Das Märchen von der politischen Neutralität

Wie weit die WTG mit ihrer Anbiederung an politische Systeme geht ist nicht allein durch Dokumente aus der Hitler-Ära belegt. Aus aktuellem Anlass bezüglich der Anklageerhebung gegen Pinochet in Grossbritanien wird man sogar in den WTG- eigenen Schriften fündig. Der "Stern"-Reporter Rolf Nobel schrieb in seinem Buch "Falschspieler Gottes - Die Wahrheit über Jehovas Zeugen", Seiten 208 - 210, unter dem sarkastischen Untertitel "Errettung der Wachtturm-Gesellschaft durch Pinochet":

In dem »Jahrbuch« der Zeugen Jehovas von 1982, wo das Predigen der guten Botschaft in Chile ausführlich behandelt wird, verbreiten sie das Märchen, daß linke Extremisten 1973 eine »drastische Maßnahme gegen Jehovas Zeugen« geplant hätten.

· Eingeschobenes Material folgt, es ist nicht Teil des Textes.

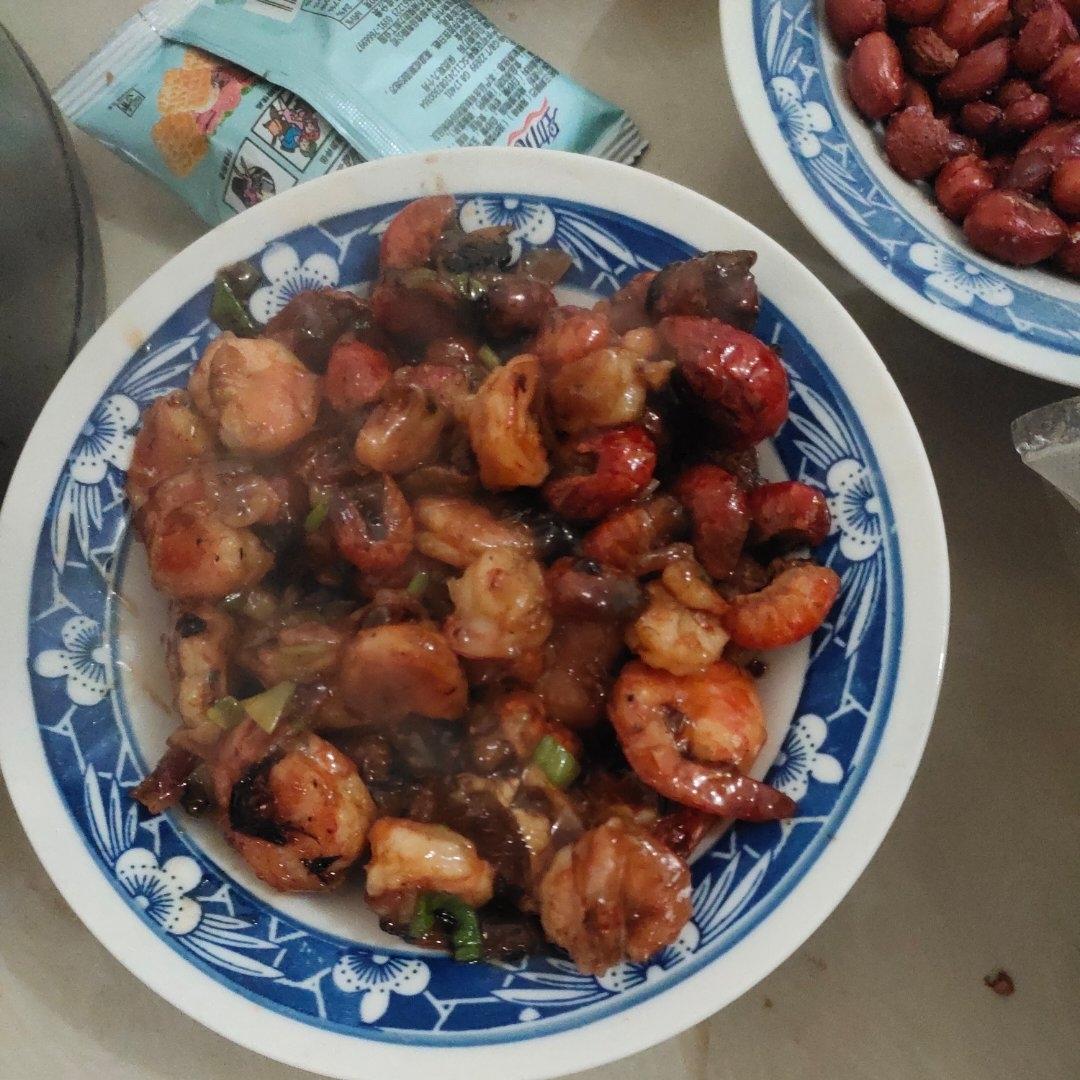 十分钟做好吃的红烧大虾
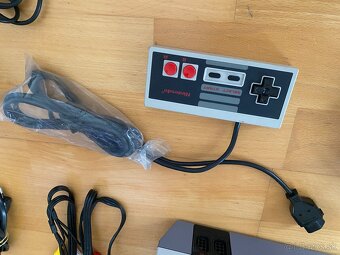 Nintendo Entertainment System NES konzola + 4x Mario modul - 5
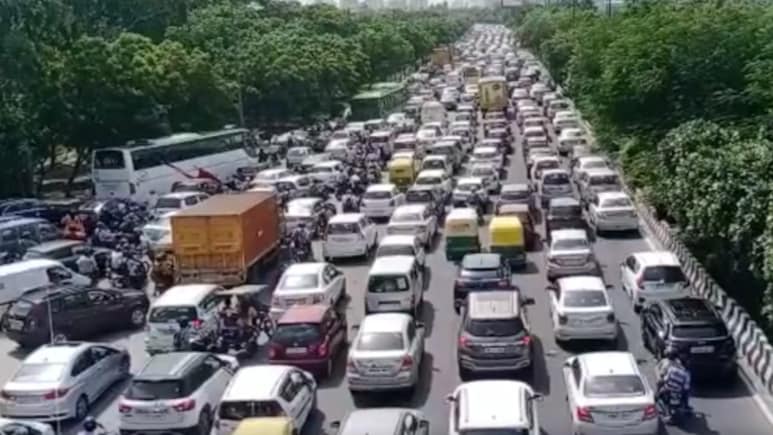 Independence Day 2025: Delhi To Bar Goods Vehicles At Noida Border On August 15, Alternate Routes Out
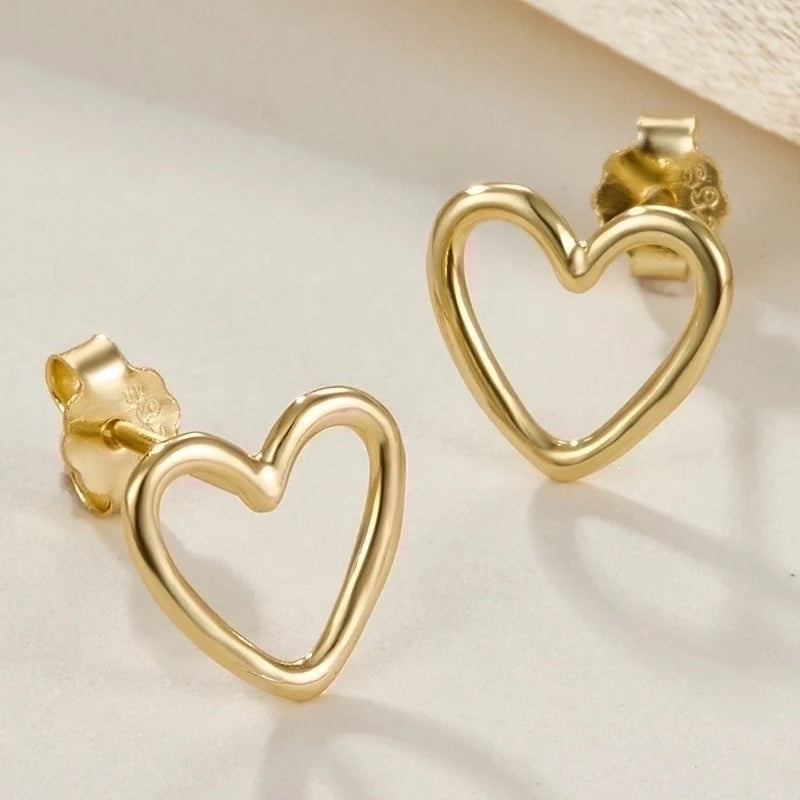 Par de pendientes de plata de ley con forma de corazón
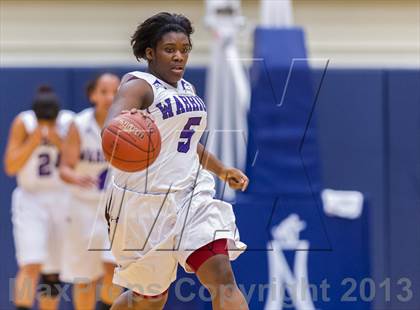 Thumbnail 3 in Warren vs O'Connor photogallery.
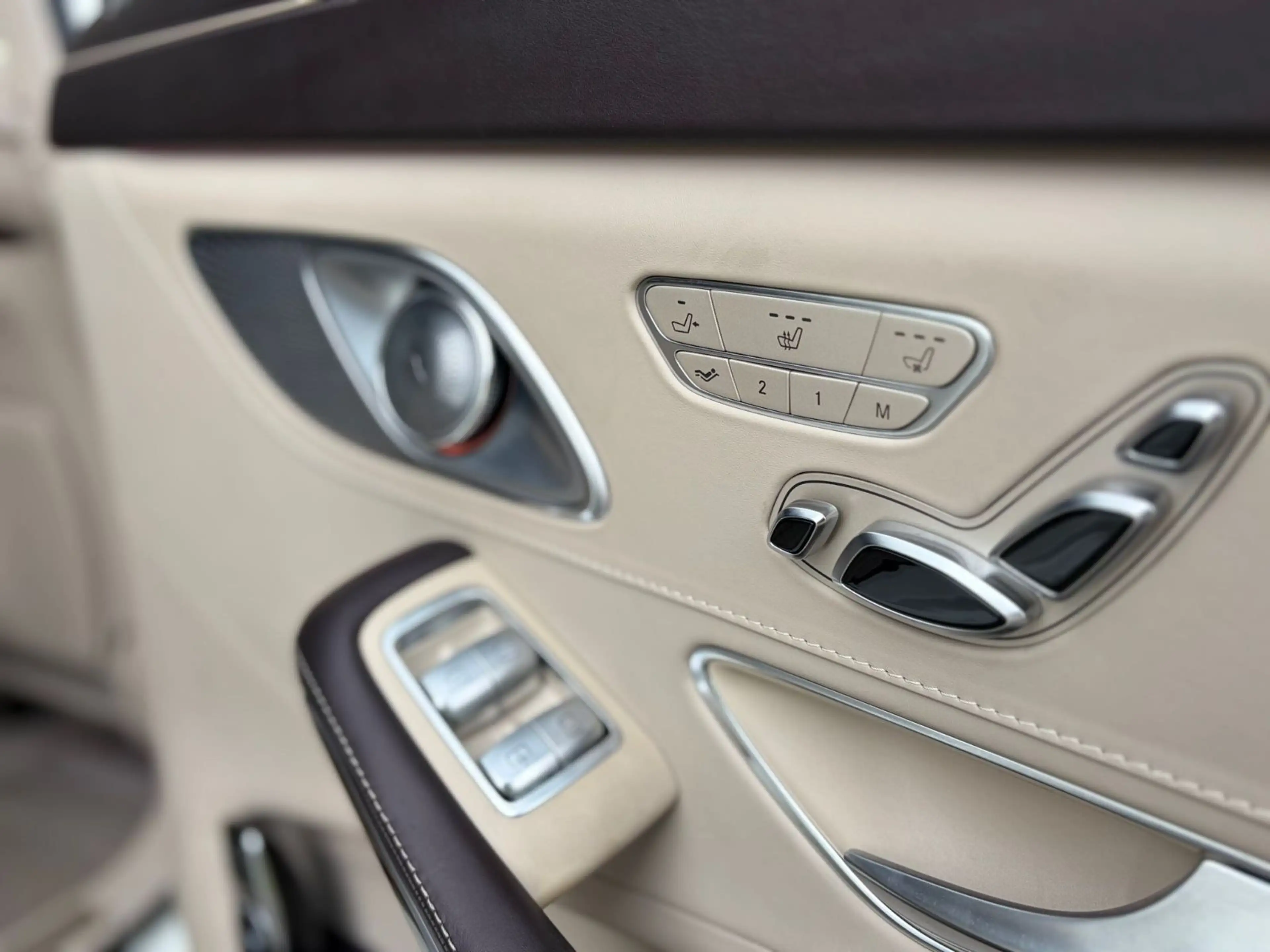 Mercedes-Benz S 500 S Maybach ,BRABUS, Limousine S 500 4Matic — photo 23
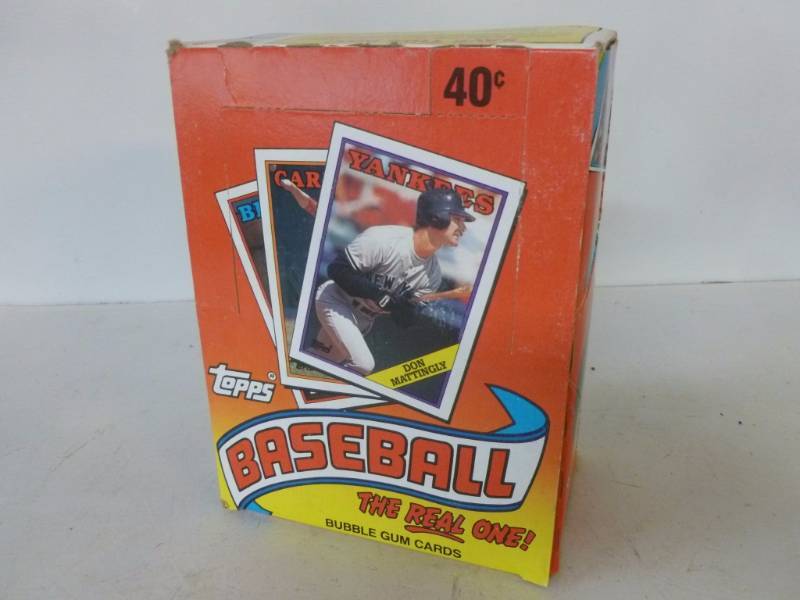 lot 43 image: Sports Cards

Dem Putsch der faschistischen Generäle um Pinochet geben sie mit ihrem Dankeschön einen Heiligenschein: »Wenn das stimmt, haben wir Grund, Jehova für seinen wunderbaren Schutz zu danken!«

Im folgenden Absatz beschreibt der »Göttliche Kanal«, was er unter der apostrophierten »Neutralität« am Beispiel Chile versteht:

"In diesen spannungsreichen Tagen nach der Machtübernahme erwies sich unsere allgemein bekannte neutrale Haltung als ein Segen und Schutz. Als die Festnahme kommunistischer Aktivisten in Fabriken und Industriebetrieben bedenkliche Lücken hinterließ, wurden Zeugen oft in Schlüsselpositionen eingesetzt. Am Morgen des Staatsstreiches zum Beispiel suchten Soldaten die Wohnung eines Zeugen auf und fragten ihn, wie lange er brauchen würde, um die örtliche Ölraffinerie wieder in Betrieb zu setzen. Keinem anderen befähigten Mann war zu trauen!"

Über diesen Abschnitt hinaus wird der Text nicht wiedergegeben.